Testimonianza relativa al bombardamento del 14 ottobre 1944, riportata nel volume di Barbieri “La popolazione civile di Parma nella guerra” op. cit., p. 207
C’era una nebbia fittissima quella domenica e “La Campagna”, un’enorme corte di oltre cento biolche, era completamente immersa nella grigia ed impalpabile coltre che avrebbe dovuto preservarla dai pericoli aerei. Erano le 10.30 ed io ero intenta a preparare il bagno a mio figlio quando udii all’improvviso un lontano rumore di aerei e subito dopo mi sono sentita sprofondare in mezzo a polvere e macerie. Ferita, non ebbi neppur la forza di reagire e, sbalordita ed incredula, pensavo fosse giunta la mia ultima ora. Un passante mi soccorse e mi portò all’ospedale. Nel crollo erano rimasti uccisi i Ronchini ed i proprietari del fondo, Barbieri Enrico e la moglie Corti Enrichetta. Nella stalla decedette mio padre, mentre mio fratello Cornelio [Pacchiani], che era nello studiolo del padrone per i conte, fece la stessa fine dei Barbieri. Riportarono ferite di una certa gravità anche mia madre, mia sorella e la domestica dei padroni: queste furono protette da alcune travi che avevano impedito il loro schiacciamento. In tutto furono due le bombe che provocarono tale strage: una caduta sulla stalla e una sulla casa. La domenica successiva la corte venne colpita nuovamente, per fortuna senza provocare morti.
Testimonianza relativa al bombardamento del 17 aprile 1945 di Giarola, riportata nel volume di Barbieri “La popolazione civile di Parma nella guerra” op. cit., pp. 208-209.
Fu l’ultimo bombardamento su Giarola che già tanti ne aveva subiti nei mesi precedenti. Noi ci eravamo trasferiti in questa località da Collecchio, credendo qui di essere più sicuri.
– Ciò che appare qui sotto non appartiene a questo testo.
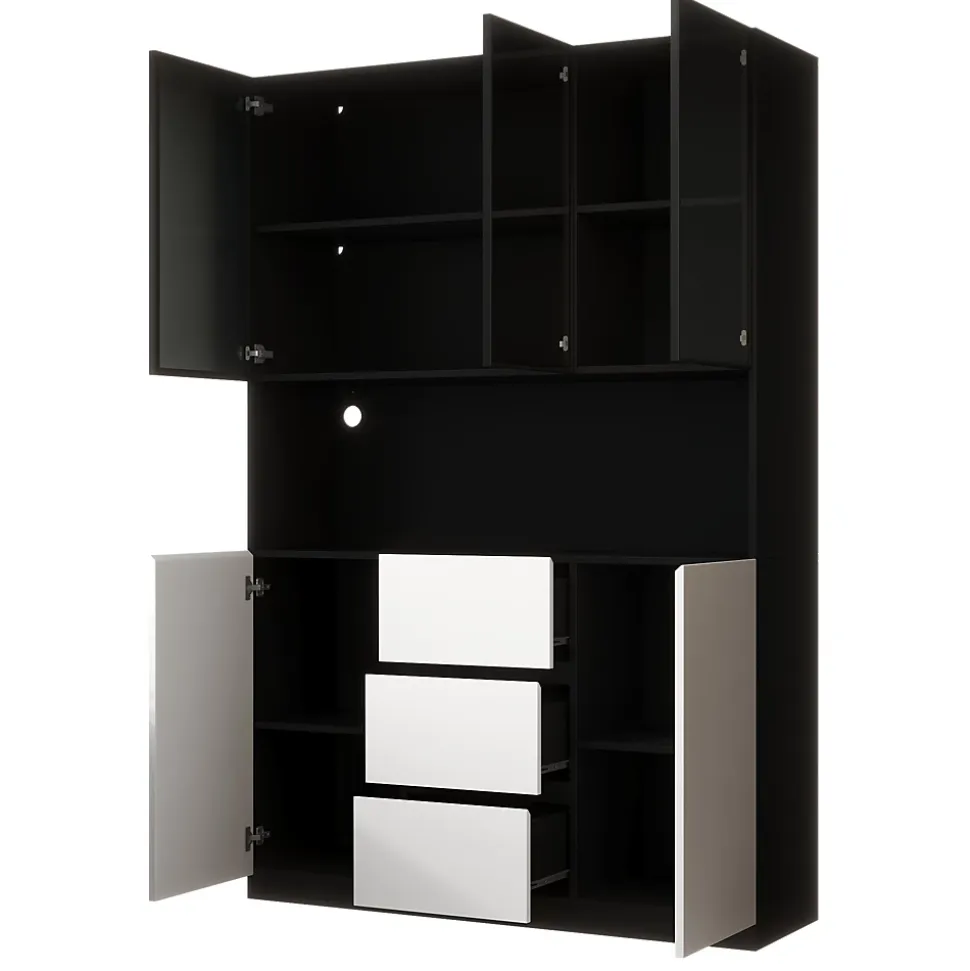 Vitrine avec éclairage LED - 120x40x200 cm - 3 tiroirs et 5 portes - Étagères ouvertes - MDF + verre - Blanc+noir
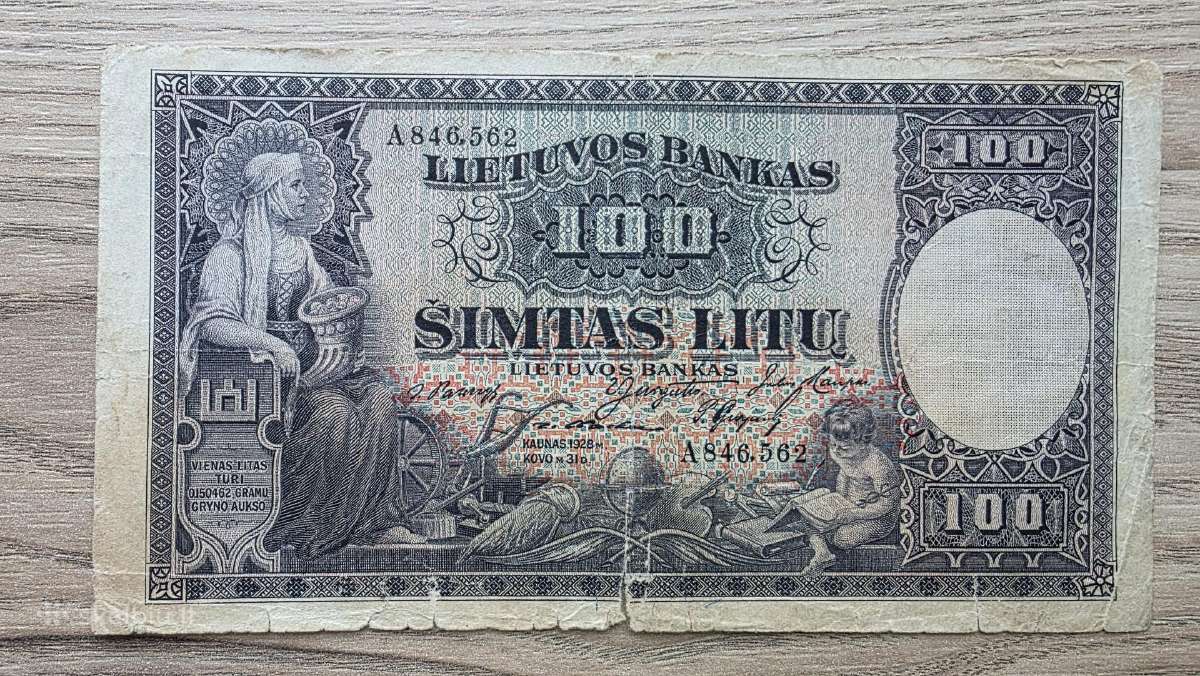 1928 metų 100 litų smetoniškas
Stavo gironzolando, quel giorno, lungo l’argine del fiume e poche centinaia di metri dalla corte, pronto a nascondermi in un piccolo rifugio che avevamo costruito. Mentre mi avvicinavo a casa per il pranzo, scorsi quattro aerei scendere in picchiata sopra di me: mi gettai per terra e potei vedere la prima bomba uscire, lucida e sinistra, dal ventre del veicolo. Fu subito incendiata la cascina che alzò al cielo fiamme e fumo altissimi. Tutto si sarebbe risolto con gravi danni alla corte, poiché gli abitanti si trovavano nel caseificio che non era stato colpito; senonché il carosello degli apparecchi continuava sulle loro teste ed essi temettero di essere centrati da nuove bombe; pensarono quindi di raggiungere un rifugio poco distante, ubicato presso la fabbrica di pomodoro. Il breve tratto percorso allo scoperto permise ai piloti di mitragliarli impietosamente e di inseguire quei disgraziati fin dentro ad un minuscolo sgabuzzino dove avevano cercato disperatamente scampo. A me quel mitragliamento diede l’esatta impressione di un tiro a segno, quasi una sadica gara degli aviatori anglo-americani. Alcune delle vittime furono rinvenute bruciate e senza più nulla addosso. Rammento bene che una ventenne si salvò sotto i corpi dei Colacitti e di Cavatorta. La piccola Preti, di 3 anni, che era in braccio alla madre, durante l’operazione aerea era stata scagliata dentro un tombino ove morì annegata. Io fui il primo ad accorrere, ma in mezzo a quella scena raccapricciante non sapevo che fare: c’erano ovunque corpi bruciacchiati e coperti di sangue; si udiva qua e là qualche flebile lamento o urla disperate he attiravano l’attenzione dei soccorritori accorsi da ogni parte.